Aside from the discipline-focused courses (theater in my case) us MoFFA attendees were expected to attend I.D. or "Interdisciplinary" classes. Essentially, every class day, they split the whole camp into five-or-so large classes of about twenty each...combining kids from all the different fine arts categories. (Dance, Voice, Musical Instruments, Art/Sculpting, and Theater...my area) Each of these five (or so) mixed classes had a "landscape" name - to my recollection these were something like River, Mountain, Ocean, Field and my group: Cave.

The theme was "artist's landscape" and we were told that the point of the I.D. class was for us to learn from each other and, over the course of the month, put together a giant presentation centering on our group's name that explained to the other groups what we thought the "artist's landscape" meant.

Yeah. It was pretty stupid.

It didn't help that, as much as we liked each other, our group fought like crazy. In the same way that voices in a cave echo off the walls and create a cacophony through which comprehension is impossible, the cave group was so full of strong, creative personalities that we could not hear each other over our own opinions.

What this meant, of course, is that every class period we argued until our faces were blue, eventually compromised enough to think of an idea for the presentation, worked our asses off to get it started...and at the end of the class, during the reflection session, realized that the compromises had created a concept that nobody liked and scrapped it entirely.

Artists.

What was worse was that our friends in the other I.D. groups all seemed excited about their projects. We would hear snippets at lunch: "Oh yeah! We finished choreographing our second dance number and put finishing touches on our original composition while the art kids painted the set" and our only response was an awkward "We still haven't started yet."

You're probably wondering where the hell I'm going with this. I promise there's a point.

The day before we were supposed to present our projects arrived and we still had nothing. Nada. Zip. We stood around a big table, our teachers looking on vaguely amused and calmly reminding us that we had to present something tomorrow.

We sat in frustrated, terrified silence for ten minutes until one of us spoke up:

"I think we should B.S. it."

We all thought the "artist's landscape" thing was stupid. Let's face it: it kind of was. So we decided to take the modern art route and make something so vague and simple that people would simply assume that, because we called it "art", it must have some deep and impressive meaning to us artists that they, the audience, could never comprehend.

This was our project: we stole a chair and had a couple photography kids take random pictures of it all around campus.

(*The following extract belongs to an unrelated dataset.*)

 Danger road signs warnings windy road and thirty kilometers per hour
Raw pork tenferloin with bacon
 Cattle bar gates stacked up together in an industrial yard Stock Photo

At a desk. In an elevator. With some ballet shoes on it. In a tree. With a bra. (You need at least one risque element in modern art after all.) When it came time to present our project, we sat in the audience with everyone else. In the dark. We waited for people to ask what the hell was going on and added our own questions: purposefully ridiculous. "If a tree falls in the forest and no one is there to see it...could it fly instead?" When we got others playing along and distracted, one of the group members snuck the chair onstage unseen. When the din hit its peak, we put a spotlight on that empty chair. The room went silent. After a full, hugely awkward, completely silent minute gazing at the chair, the projector screen lit up with the slideshow of pictures. The final picture showed a view of the chair from behind, looking out on the empty audience (a picture of the theater we'd taken before anyone had arrived.)

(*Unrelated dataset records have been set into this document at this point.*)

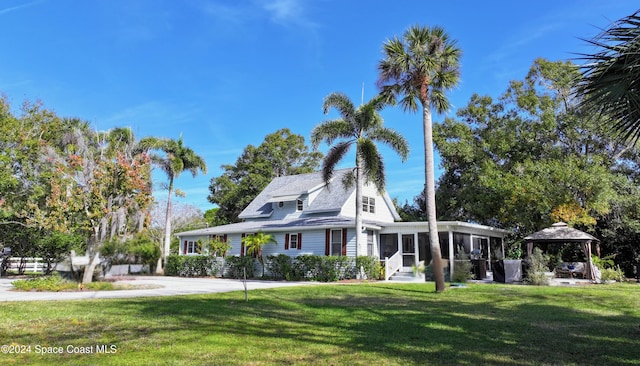 view of front facade featuring a gazebo and a front yard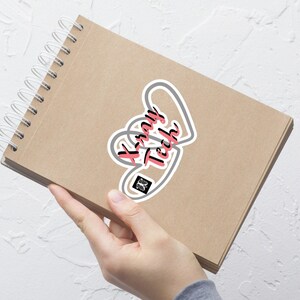 May include: A gray and white heart-shaped sticker with the text "Xray Tech" in pink lettering. A small black and white image of a pair of lungs is inside the heart.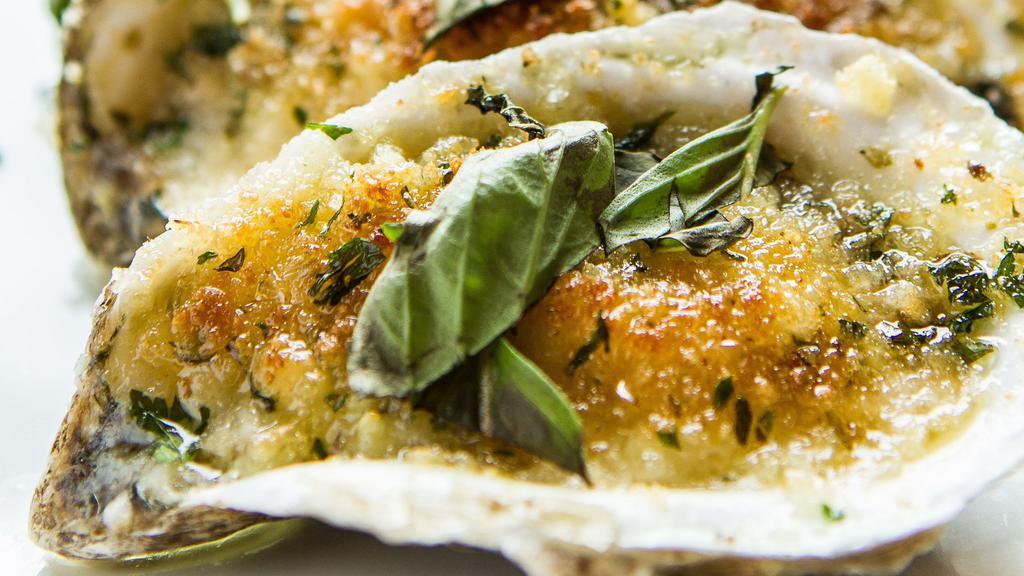 Parmesan-Garlic Charbroiled Oysters · Consuming raw or undercooked meat, poultry, seafood, shellfish or eggs may increase your risk of foodborne illness, especially if you have certain medical conditions.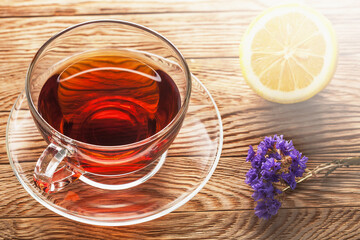 tea in cup of glass on a wooden background
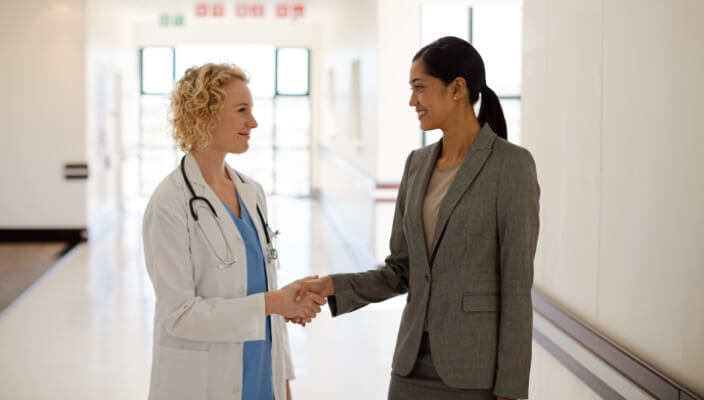 dermatologist shaking hands with business woman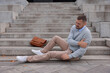 © New Africa - Man with injured arm on stairs outdoors after fall. Dangerous accident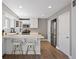 Bright kitchen with stainless steel appliances, white cabinets, breakfast bar, and wood floors offers a modern, functional design at 1343 Valentia St, Denver, CO 80220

After the presentations, we gathered in classrooms to discuss. The other presentations had been elaborate. They frankly discussed what it meant to be an artist. They used dance and music and painting to express their joy and creativity. They were elaborate. They were impressive. Extreme amounts of effort went into them.

When asked which group had captured the "artist's landscape" best, the near-unanimous answer was "the cave group". Students and teachers alike praised our grasp of the intricacies of the creative soul: the anguish and the ecstasy of imagination. They applauded our minimalist approach and felt ours was the most "sincere" performance.

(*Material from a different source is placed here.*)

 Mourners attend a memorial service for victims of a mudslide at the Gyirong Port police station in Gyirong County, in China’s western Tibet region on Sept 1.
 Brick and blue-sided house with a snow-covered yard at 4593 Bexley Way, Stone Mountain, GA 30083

At one point I glanced back at my own I.D. teachers and saw them biting their fists in an effort to keep from laughing.

Essentially, we allowed our fellow artists to prove our assumption that they were dumb enough and egocentric enough to make our project seem more clever than it was completely correct.

Christopher Nolan would have fit in well in the cave group.

Caution: If you still want to see this film and are excited by the huge twist you've heard everyone applaud, stop reading now. Either I will ruin it for you by spilling the huge secret, or I will ruin it for you by revealing that the huge secret was stupid. Either way: spoilers ahead.

Film: Inception (2010)
Starring: Leonardo diCaprio, Joseph Gordon-Levitt, Ellen Page (aka Juno-chick)
Screenplay by: Christopher Nolan
Accolades: 4 Academy Awards (Cinematography, Sound Editing, Sound Mixing, Visual Effects) 4 Academy Award Nominations (Art Direction, Original Score, Picture of the Year, Screenplay) and a huge amount of fan hype.

Yesterday I spoke of how I liked the ambiguous ending of Labyrinth and how you could never be sure whether she had dreamed the whole thing or not. Why, then, did I find the ending of Inception incredibly idiotic and vaguely insulting?

I was super-excited to see Inception from the very first trailer. The maze-like text of the title sent frissons of bracing terror through me and left me drooling to see it. The snippets of action and mind-bending graphics looked incredible.

It came out. Friends of mine left the theater talking about how awesome it was. How the end was such a mental mind-f*** and how much I'd loved it. The excitement grew.

Then another friend told me "Eh, the ending was lame."

She was the nay-saying needle in a glowing-review haystack. I chose to believe she was being contrary and maintained my excitement, now more determined to like it to prove her wrong.

I will apologize to her now for my lack of faith in her assertion.

So, the plot of Inception is something like that television gimmick "Picture in Picture". There exists some kind of ability/technology/mystical-devil-summoning-process which allows people to enter other people's minds through their dreams in the most complicated form of intellectual property theft ever invented. It's probably every copyright lawyer's nightmare, (Grandma? Grandpa?) and will likely spark some truly absurd conspiracy theories in all of the hundreds of drunks who have ever said: "He's making money off of that?! I came up with that idea years ago but the man kept me down!"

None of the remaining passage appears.